With the battle of Britain at its most intense, The Engineer turned its attention to a form of air transport that was still at an embryonic stage — the helicopter.
The VS-300 (above ) invented and designed by Ukrainian aviation pioneer Igor Sikorsky, wasn’t the first helicopter to fly, but it was the first to boast the single-rotor configuration that is so common today (below).
The magazine, full of admiration for the design, said: ‘The new helicopter… is equipped with a single lifting rotor, because the maximum lifting and forward flight efficiency are secured thereby and because the overall dimensions are kept down to a minimum.’ The article added that ‘with the engine placed immediately below the rotor hub, the transmission system is reduced to its barest elements.’

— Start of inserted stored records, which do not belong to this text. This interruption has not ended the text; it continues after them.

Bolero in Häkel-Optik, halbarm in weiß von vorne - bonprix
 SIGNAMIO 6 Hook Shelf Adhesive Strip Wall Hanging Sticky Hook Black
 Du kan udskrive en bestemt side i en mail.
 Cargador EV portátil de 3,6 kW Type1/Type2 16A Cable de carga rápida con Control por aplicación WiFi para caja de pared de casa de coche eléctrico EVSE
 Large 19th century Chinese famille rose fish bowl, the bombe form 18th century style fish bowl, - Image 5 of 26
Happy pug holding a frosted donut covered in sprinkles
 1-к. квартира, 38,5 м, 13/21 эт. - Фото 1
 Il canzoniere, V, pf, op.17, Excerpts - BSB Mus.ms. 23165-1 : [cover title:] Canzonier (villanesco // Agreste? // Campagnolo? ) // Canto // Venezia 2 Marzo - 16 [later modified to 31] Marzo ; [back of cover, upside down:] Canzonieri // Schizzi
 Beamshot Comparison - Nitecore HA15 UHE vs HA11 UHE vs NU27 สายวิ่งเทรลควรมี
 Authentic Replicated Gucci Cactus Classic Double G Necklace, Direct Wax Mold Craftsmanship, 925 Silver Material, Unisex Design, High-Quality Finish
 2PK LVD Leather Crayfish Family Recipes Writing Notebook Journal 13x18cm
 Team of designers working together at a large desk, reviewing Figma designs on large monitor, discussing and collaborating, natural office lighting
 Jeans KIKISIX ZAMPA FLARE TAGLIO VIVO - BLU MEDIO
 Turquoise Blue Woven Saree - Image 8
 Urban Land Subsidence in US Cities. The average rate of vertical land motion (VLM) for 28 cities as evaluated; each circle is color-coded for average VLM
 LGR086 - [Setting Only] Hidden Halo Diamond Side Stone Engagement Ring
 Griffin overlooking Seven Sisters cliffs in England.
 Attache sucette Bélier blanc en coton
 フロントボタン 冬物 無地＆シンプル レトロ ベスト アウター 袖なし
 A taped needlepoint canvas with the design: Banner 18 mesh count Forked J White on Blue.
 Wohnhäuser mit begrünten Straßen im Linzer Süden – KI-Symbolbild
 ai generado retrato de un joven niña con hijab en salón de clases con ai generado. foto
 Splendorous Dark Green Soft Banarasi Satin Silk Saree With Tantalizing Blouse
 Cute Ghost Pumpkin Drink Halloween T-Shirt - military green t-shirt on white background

To counteract the turning force exerted by the rotor — which would otherwise cause the fuselage to spin round, Sikorsky introduced a small auxiliary airscrew at the tail. Rotating in a plane parallel to the plane of symmetry of the aircraft, this provided lateral thrust and counteracted the torque of the main rotor. ‘When the pitch of this airscrew is varied,’ wrote The Engineer, ‘its thrust is varied. Hence rudder action is provided.’
The article added that the two additional airscrews mounted on outriggers from the tail of the fuselage could be used to give lateral and longitudinal control providing ‘control about all three axes.’
The article was written shortly after the VS-300’s maiden flight. And although it hadn’t risen to any great heights, the magazine was justifiably confident that it soon would. ‘We congratulate Mr Sikorsky on an elegant solution to the helicopter problem, and await further progress with real expectations,’ it said.